I have been an Android user since December 2009. Since then I have owned the Droid Eris, Droid Bionic and the Droid Razr M. I got the Razr M few weeks ago and it’s a great phone. Prior to the Razr M, though, I was (it feels really weird and confessional saying this) a Blackberry user.
Why? I lost the Bionic while out with colleagues 7 months ago. Somehow I left my phone in a cab and didn’t realize till the next morning. Rather than paying full price for a phone or buying one second hand, I suspended my service for a month. At the end of the my month long non-smartphone experiment a friend let me borrow her old Blackberry.
The Blackberry and I never got along. Trying to send my first text message was frustrating. Launching the texting app and selecting a recipient were straightforward tasks, but sending the message was frustrating. I tried pressing the “Return” button on the keyboard. Nothing. I tried pressing the trackball. Nothing. I couldn’t figure it out. At that point, I seriously considered downgrading to my old flip phone and forfeiting my unlimited data.
But I held off. It turns out the menu button drives the Blackberry experience. All the actions or tasks one is likely to do are hidden within the system menu. Since this was my first Blackberry device I knew none of this. A former Blackberry user saw what was going on and taught me how to send a text message. It was bad.
There were some benefits, though. My overall mobile usage patterns changed. I stopped texting because it was frustrating. Browsing the web on the device was crappy, so didn’t do that. I had no interested in applications, so, I didn’t download any. I didn’t setup my email accounts either. The phone was simply a phone.
I then began thinking about my experience with the phone and, by extension, communication. I became fascinated with a question: what is the fundamental essence of modern communication? From a quantitative perspective, Claude Shannon presented the “How” of communication pretty effectively.
Shannon’s explanation was so well argued and fundamental that his theory pretty much informs the qualitative perspective as well. But, there’s something to be said about the following observation: I used communication tools less and I ended up feeling more connected with others.
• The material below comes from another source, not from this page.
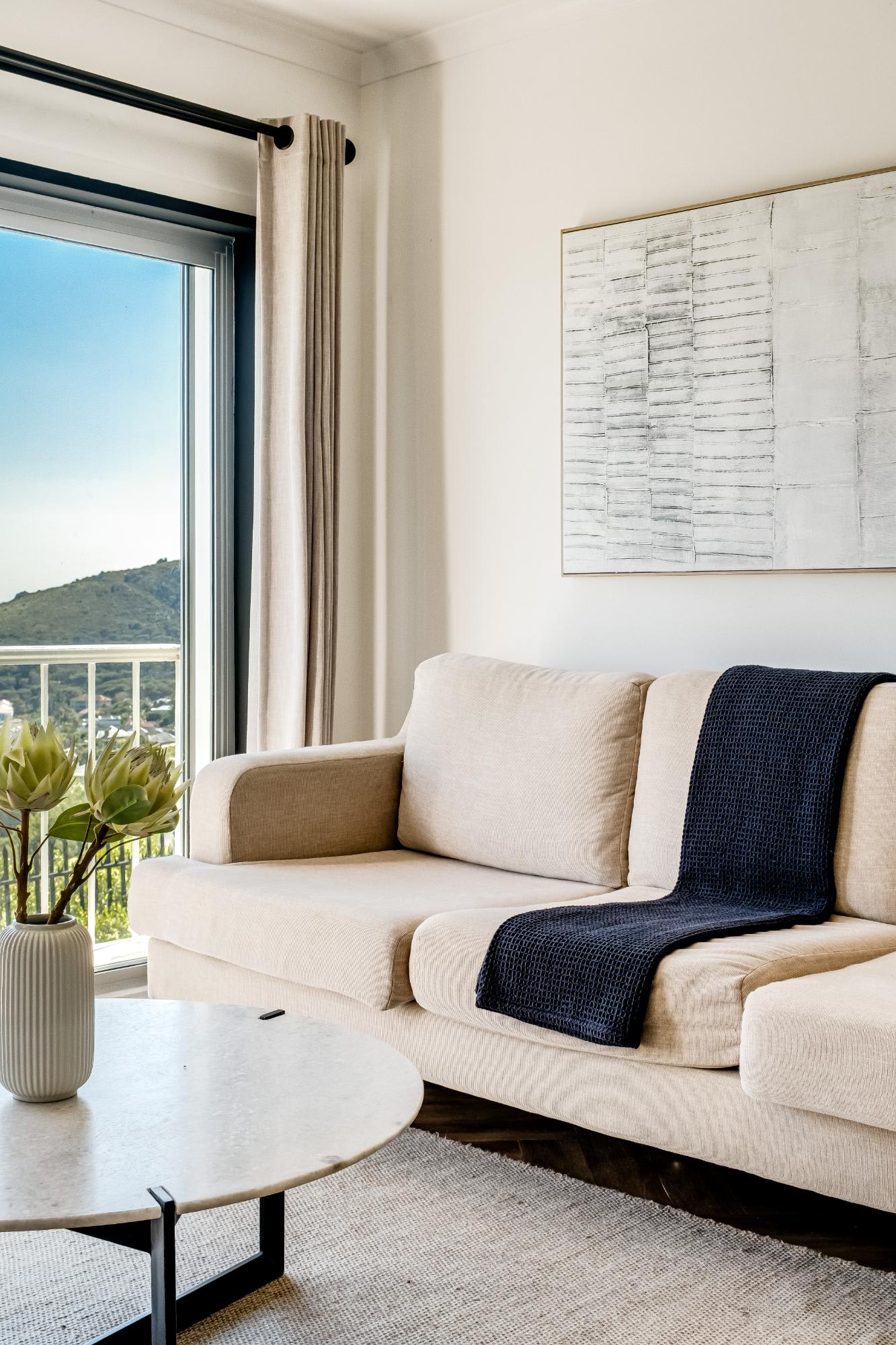 Camps Bay 2 Bed with Sea Views Shoreline Views 4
There’s a certain qualitative experience (or consciousness) that defies formulaic representation. Formulaic representation enables powerful devices to encode, transfer, and replicate a the contents of a communication.
It is important to understand that process, the systems that enable communication, and the limitations or problems of those systems. Jaron Lanier, Nicholas Carr, Sherry Turkel, and slow web folks have attempted to address these issues.
Here are my two cents: it’s not clear what all of this communicating we do actually means. Does it mean anything or, more fundamentally, should it? I think it should. Lastly, if you believe we attach value to our communications then what governs that value? Narcissism? Sentimentality? I don’t know, but I’ll get back to you.